Some of the benefits of these processes are:
- Productivity. Everyone knows what tasks they should be working on and when.
- Increased morale and motivation. Team members work at their capacity to avoid being overwhelmed or risking burnout.
- Better coordination. By planning ahead, you ensure everyone knows which projects will be completed and which will be postponed, as well as the specific resources that will be needed in the future. If multiple teams are working with shared resources, having a full view of availability helps both department managers and resource managers.
- Higher chance to deliver on time and budget. This is the ultimate goal for project management and resource management. You need effective and timely resource allocation and capacity planning to achieve it.
How do you make capacity and resource planning easier?
When you have lots of moving parts—resources, disciplines, projects, tasks—you need an easy way to track everything and be able to adjust. Resource management software will make your life much easier for both capacity planning and resource allocation.

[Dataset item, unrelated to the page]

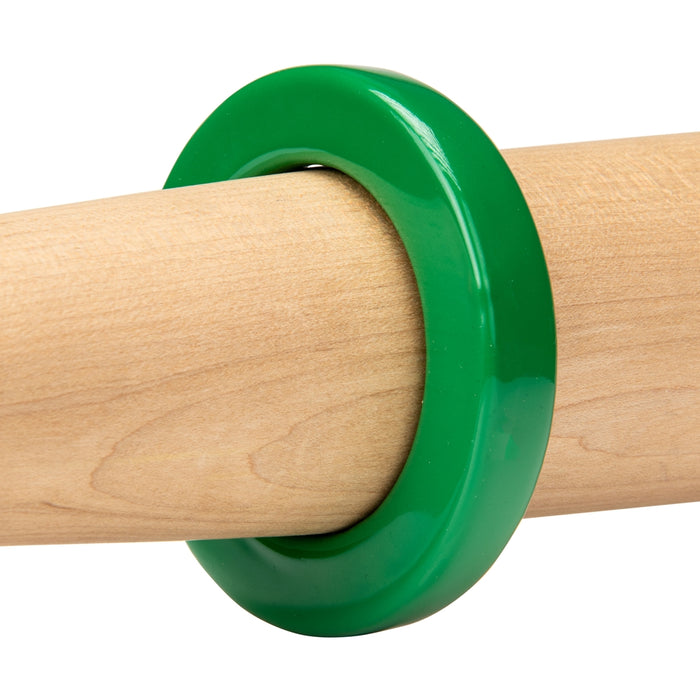 The Champro Sports Bat Weights (A014-A019) are shiny green plastic rings that fit around light wooden training bats, contrasting their smooth surfaces and making them perfect for powerful swings during warm-up sessions.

For example, using Float you can track what your team is working on at any given time with a visual schedule that combines planned work and time off. Float provides live insights on capacity and utilization across your team, giving you a snapshot of each person’s availability and how work is distributed.
Know who can take on work (and who can’t)
This is incredibly useful for resource allocation, as you’ll know who can take on more tasks. Conversely, you’ll see when someone’s overworked to avoid allocating more tasks to them.
Also, you can track team members’ skills using customizable tags in Float. Imagine you’re planning a new project that requires knowledge of Python. With tags, you can easily find the developers who know Python and check their availability.
Planning capacity well ahead
Having all this information tracked regularly means you can accurately map your team’s long-term capacity. Assigning work in Float allows you to plan weeks or months in advance so you can forecast when to take on new projects or hire new team members. Besides calendar integrations, Float tracks custom hours, time off, local public holidays, and even tentative tasks and placeholder roles for a complete view of availability weeks in advance.